In my opinion Deere and Catarpillar make the best but Gehl also makes a VERY good skid steer. Take a look at them. They are reasonably priced and VERY well built.


----------



## farmallmaniac (Feb 16, 2004)

Only ones you see around here are deere and bobcat, sometimes a case but not very often.
Ryan


----------



## bontai Joe (Sep 16, 2003)

I was wondering if there was a big price difference between Bobcat and the others, that kept them from being compared "apples to apples". You know that we often will compare Deere vs. IH or Ford vs. Chevy, but seldom Chevy vs. Rolls Royce. Since I'm totally ignorant about skid loaders and their costs, I figured I'd ask and see if One brand was much better but also much more expensive, and therefore other brands sold more because they were available at an affordable price.


----------



## PeteNM (Sep 18, 2003)

*The best ???*

I'm not sure just how a person would go about determining the best any more than you could with a tractor or truck. If you need one for a job, any would be the best at that time. In my opinion they are all pretty good however some will do a particular job better than another. For instance a bigger Cat won't steer as well in tight places as a Bobcat due to the way they work.
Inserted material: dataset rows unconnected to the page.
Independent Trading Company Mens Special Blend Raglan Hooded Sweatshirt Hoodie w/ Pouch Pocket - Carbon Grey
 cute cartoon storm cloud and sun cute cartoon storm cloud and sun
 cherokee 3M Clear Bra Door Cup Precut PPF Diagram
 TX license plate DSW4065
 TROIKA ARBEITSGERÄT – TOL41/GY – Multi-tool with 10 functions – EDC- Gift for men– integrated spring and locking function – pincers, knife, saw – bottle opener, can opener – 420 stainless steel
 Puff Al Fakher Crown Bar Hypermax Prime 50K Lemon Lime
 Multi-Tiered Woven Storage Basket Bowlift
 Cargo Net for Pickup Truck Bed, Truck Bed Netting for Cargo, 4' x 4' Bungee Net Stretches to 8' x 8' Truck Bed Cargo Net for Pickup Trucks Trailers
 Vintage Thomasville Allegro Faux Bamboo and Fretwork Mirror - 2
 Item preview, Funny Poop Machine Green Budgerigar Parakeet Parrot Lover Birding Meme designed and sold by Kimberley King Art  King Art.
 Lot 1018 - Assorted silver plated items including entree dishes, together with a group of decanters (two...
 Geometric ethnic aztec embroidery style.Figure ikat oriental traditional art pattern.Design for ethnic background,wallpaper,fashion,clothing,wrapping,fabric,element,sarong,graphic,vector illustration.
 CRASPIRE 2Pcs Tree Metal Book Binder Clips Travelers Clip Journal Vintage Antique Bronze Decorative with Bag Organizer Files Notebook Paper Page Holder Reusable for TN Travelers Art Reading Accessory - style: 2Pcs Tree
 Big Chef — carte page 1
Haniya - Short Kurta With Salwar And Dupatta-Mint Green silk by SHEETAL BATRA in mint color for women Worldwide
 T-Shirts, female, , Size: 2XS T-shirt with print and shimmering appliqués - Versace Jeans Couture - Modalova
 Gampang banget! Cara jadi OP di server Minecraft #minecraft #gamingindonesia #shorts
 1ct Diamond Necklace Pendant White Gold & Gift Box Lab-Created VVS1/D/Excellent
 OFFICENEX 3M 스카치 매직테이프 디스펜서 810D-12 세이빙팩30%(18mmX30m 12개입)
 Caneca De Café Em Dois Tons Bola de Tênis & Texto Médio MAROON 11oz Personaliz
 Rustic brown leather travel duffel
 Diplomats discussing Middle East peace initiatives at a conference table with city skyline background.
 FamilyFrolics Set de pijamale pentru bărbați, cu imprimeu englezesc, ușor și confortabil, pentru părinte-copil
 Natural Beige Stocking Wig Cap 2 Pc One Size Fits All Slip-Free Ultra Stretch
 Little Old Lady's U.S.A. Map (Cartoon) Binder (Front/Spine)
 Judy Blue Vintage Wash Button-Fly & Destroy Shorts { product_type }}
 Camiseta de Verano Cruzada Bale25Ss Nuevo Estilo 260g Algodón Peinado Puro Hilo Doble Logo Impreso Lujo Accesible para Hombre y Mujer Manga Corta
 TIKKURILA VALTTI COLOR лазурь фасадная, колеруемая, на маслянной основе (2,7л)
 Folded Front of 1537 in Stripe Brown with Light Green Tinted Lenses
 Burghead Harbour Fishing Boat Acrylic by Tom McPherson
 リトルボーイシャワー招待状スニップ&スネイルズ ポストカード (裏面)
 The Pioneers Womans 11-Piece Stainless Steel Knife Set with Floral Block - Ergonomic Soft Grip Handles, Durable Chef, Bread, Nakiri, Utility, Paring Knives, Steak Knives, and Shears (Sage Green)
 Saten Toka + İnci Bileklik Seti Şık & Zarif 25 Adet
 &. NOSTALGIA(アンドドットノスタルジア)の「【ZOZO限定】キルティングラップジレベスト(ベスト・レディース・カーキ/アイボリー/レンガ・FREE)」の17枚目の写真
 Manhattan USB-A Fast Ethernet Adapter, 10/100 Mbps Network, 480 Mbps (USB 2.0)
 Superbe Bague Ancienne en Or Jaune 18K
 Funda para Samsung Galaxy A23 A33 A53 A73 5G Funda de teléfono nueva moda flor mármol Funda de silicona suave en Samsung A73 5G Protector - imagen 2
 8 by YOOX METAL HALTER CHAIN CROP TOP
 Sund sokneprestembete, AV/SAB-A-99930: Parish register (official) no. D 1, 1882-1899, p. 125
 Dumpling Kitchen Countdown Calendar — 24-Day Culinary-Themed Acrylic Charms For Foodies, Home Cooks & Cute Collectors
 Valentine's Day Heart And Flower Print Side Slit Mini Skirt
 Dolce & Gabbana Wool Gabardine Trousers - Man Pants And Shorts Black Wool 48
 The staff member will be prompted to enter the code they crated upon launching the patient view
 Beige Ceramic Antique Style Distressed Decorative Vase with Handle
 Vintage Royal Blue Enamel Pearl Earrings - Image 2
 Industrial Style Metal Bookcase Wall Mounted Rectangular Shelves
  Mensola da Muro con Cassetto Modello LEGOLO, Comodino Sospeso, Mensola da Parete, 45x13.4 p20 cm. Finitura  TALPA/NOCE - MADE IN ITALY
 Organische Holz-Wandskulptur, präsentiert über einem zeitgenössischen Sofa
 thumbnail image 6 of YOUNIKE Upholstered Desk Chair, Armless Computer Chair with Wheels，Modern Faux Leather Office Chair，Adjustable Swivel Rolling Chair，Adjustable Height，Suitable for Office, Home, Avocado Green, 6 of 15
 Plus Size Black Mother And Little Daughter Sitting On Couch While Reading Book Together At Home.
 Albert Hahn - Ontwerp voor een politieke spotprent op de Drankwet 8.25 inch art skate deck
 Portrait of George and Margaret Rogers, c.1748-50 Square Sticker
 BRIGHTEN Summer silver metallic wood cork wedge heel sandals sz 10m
But when it comes to flat out moving packed dirt in an open area, they may be hard to beat. 

Lots of opinions will come from the area a person lives in and what dealers are there. Around here there are lots more Bobcat and then Case. I've never saw a Gehl or Deere although there's probably some around. There are a few Mustang loaders that have been hauled in used from Minnesota.

Bobcat is one of the first companies to build skid steer loaders if not the first. They hold their resale value about as good as any brand and there always seems to be more of them around than the others. If you check on eBay a feeling for what's out there can be had. 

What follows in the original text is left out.